Supervivencia mágica

En un poético relato de recorrido por las salas del MAC Panamá, Maia Alfaro reflexiona sobre dos exposiciones que tensan el espacio-tiempo colonial y nos ofrece una mirada tierna y profunda de las resistencias en su genealogía.

Entré al Museo de Arte Contemporáneo de Panamá un domingo, minutos antes de la hora de apertura. La puerta ya estaba abierta, pero entrar se sentía como salir de la temporalidad conocida y aceptada. Aunque la imagen aún estaba apagada, me puse los auriculares del video de Lizette Nin sin pensarlo, casi como para camuflarme y, por algún milagro, el audio se había quedado encendido desde el día anterior. Me envolvió la intimidad cotidiana del diálogo entre mujeres y mi mirada trazó las trenzas en los dibujos de Nin, como si fueran rutas para huirle aún más al tiempo.

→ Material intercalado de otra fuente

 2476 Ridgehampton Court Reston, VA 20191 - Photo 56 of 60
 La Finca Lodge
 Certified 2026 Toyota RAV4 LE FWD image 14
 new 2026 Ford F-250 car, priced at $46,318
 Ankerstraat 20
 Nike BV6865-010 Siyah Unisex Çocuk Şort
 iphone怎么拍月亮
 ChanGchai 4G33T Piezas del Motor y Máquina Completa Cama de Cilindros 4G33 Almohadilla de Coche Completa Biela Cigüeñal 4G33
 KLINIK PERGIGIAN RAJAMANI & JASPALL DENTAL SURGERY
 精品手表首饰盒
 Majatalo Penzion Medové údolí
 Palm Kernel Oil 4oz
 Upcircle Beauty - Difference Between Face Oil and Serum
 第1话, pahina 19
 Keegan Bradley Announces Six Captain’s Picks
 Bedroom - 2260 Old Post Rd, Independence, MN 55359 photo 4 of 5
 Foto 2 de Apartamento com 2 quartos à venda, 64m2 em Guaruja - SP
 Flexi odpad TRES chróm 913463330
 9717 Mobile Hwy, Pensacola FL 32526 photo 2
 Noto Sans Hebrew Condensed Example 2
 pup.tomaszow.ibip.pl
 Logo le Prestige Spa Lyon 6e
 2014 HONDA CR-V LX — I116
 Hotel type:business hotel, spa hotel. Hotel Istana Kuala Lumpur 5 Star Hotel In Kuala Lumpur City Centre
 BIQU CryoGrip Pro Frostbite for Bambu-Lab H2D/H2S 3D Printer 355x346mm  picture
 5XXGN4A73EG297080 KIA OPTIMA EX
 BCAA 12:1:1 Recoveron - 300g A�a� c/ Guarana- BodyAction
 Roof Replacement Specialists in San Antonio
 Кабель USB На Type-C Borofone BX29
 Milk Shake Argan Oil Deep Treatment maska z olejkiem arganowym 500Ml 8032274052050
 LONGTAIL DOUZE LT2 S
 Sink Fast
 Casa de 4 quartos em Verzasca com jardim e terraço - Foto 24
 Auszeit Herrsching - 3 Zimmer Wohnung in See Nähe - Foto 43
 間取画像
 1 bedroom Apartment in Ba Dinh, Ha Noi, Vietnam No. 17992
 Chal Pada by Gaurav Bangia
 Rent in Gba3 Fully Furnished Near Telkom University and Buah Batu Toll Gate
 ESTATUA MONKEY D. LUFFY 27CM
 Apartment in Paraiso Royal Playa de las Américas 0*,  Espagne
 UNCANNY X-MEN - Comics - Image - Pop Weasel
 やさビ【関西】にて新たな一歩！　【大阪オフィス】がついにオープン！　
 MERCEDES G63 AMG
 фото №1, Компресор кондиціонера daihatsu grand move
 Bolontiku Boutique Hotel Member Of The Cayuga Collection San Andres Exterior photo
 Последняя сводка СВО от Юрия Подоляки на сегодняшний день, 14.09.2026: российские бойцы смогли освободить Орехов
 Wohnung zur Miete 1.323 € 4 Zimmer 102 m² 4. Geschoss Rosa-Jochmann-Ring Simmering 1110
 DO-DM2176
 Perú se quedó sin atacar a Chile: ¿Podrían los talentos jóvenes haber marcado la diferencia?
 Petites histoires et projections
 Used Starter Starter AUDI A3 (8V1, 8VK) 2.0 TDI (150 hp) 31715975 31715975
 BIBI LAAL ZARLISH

La exposición Guardar semillas en el cabello, concebida por Juan Canela, el nuevo curador del MAC, y curada junto con Judith Corro, Cristina López Urriola, Andrea C. Miranda Pestana y Mana Pinto, rinde honor a la labor física y femenina de presenciar y procesar la vida, con sus heridas y hermosuras, su duelo y su potencial. La resonancia del grabado de Margarita Monsalve, De los gritos, no es la de un grito, sino la de un grito sembrado con ternura en un jardín.

En Hombre y mujer rezándose a sí mismos, grabado de José Luis Alexanco, las figuras ceden ante su propia primordialidad; como semillas escondidas en cabello cimarrón, esperando, pacientes, para explotar con vida. Más o menos así, acurrucada entre sombras y acariciada por la luz natural que apenas se filtraba por las ventanas, contemplé el grabado Caricias II, de Mónica Kupfer. En el recinto cerrado del museo, las paredes aún no eran blancas y el papel de la obra tampoco; como si el blanco no existiera; solo sombras sin demarcaciones fijas, insinuando un movimiento obvio y ambiguo a la vez.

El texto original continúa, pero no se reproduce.